Otobüsün durması ile inip Venüsün verdiği adrese geldim.

Bir süre yürüyüp etrafı tanımaya çalışarak ilerledim. Sonunda dediği yere gelince içeri girdim.

Girişte kırmızı halı ile karşılanıp içerisinin geniş ve karanlık oluşu klostrofobim olmadığına rağmen olmaya zorlayacak gibiydi.

Etrafı temizleyen iki kişi vardı. Biri sandalyeleri düzenliyor diğeri ise yerleri süpürüyordu. Çalışanlar Beni görünce Venüsü sordum. Mavi saçlı çocuk arkamda bir yeri gösterdi.

"Arkada babalık" kafamı sallayıp ilerledim.
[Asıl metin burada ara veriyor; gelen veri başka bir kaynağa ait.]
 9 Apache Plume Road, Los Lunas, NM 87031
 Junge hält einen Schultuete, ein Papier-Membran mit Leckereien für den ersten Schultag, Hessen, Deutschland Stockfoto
Çok geçmeden Bardak silen Venüsü gördüm. O bir barmendi. Bardağı değişik ve hızlı şekiller ile temizliyordu beni görünce durdu.
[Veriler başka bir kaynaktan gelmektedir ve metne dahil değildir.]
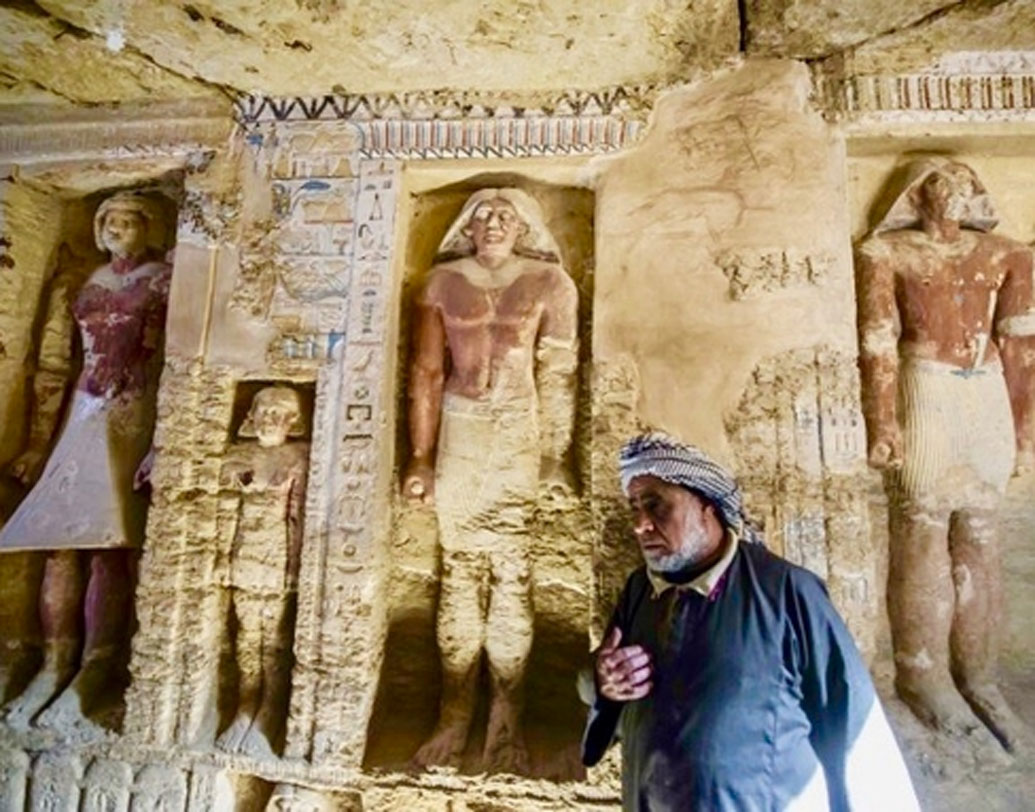 এটা একটা ব্যক্তিগত সমাধি, জানান মিশরের মন্ত্রী খালেদ-এল-এনানি।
"Hoşgeldin Araf! Beğendinmi çöplüğümü?" diyerek güldü.

"Burasının senin olması gülünç"

"Haklısın sanırım. Ama bana da vakit harcayacak bir şeyler lazım"

Bar Venüsündü. Annesinin astrolok olarak sakin bir kadın olduğunu tahmin ediyordum. Babası ise teknisyendi. Araba gibi şeyleri tasarlamak ile uğraşıyordu.

Yeni maddi yönden sıkıntı çekmiş biri değildi Venüs. Kendine ait bir evi vardı. Ve birde işi. Bunun yanında ise Fransaya ve Almanyaya gitmiş Fransızca ve almancanın yanında birde İngilizce öğrenmişti. Dansa, müziğe ve kitap okumaya bayılırdı. Çok sosyal ve konuşkandı.

Benim aksime.

"Evet Araf nasılsın? Neyin var? Normalde içki satmıyorum ama sana ayrıcalık yapabilirim bu günlük" diyerek güldü. Kaşlarım havalandı.

"Bardayız" diyerek güldüm "İçkimi satmıyorsun?"

"Lütfennn burası bir bar değil Araf benim gibi sanat sever birinin bar ile ne işi var görünüm bar gibi olabilir ama bu bir yanıltmaca" kaşlarım şaşkınlık ile havalandı. Kesinlikle tanıdığım en değişik insan Venüsdü.

"Peki ya ne?"

"Burası bir cafe! dizaynı bar gibi ama akşamları canlı müzik veriyoruz birazda eğleniyoruz" yerinden çıkıp yanıma geldi. Kovboy filmlerindeki kapıyı andıran yerden zıplayarak çıktı. Uzun saçları sallanırken gülümsedi.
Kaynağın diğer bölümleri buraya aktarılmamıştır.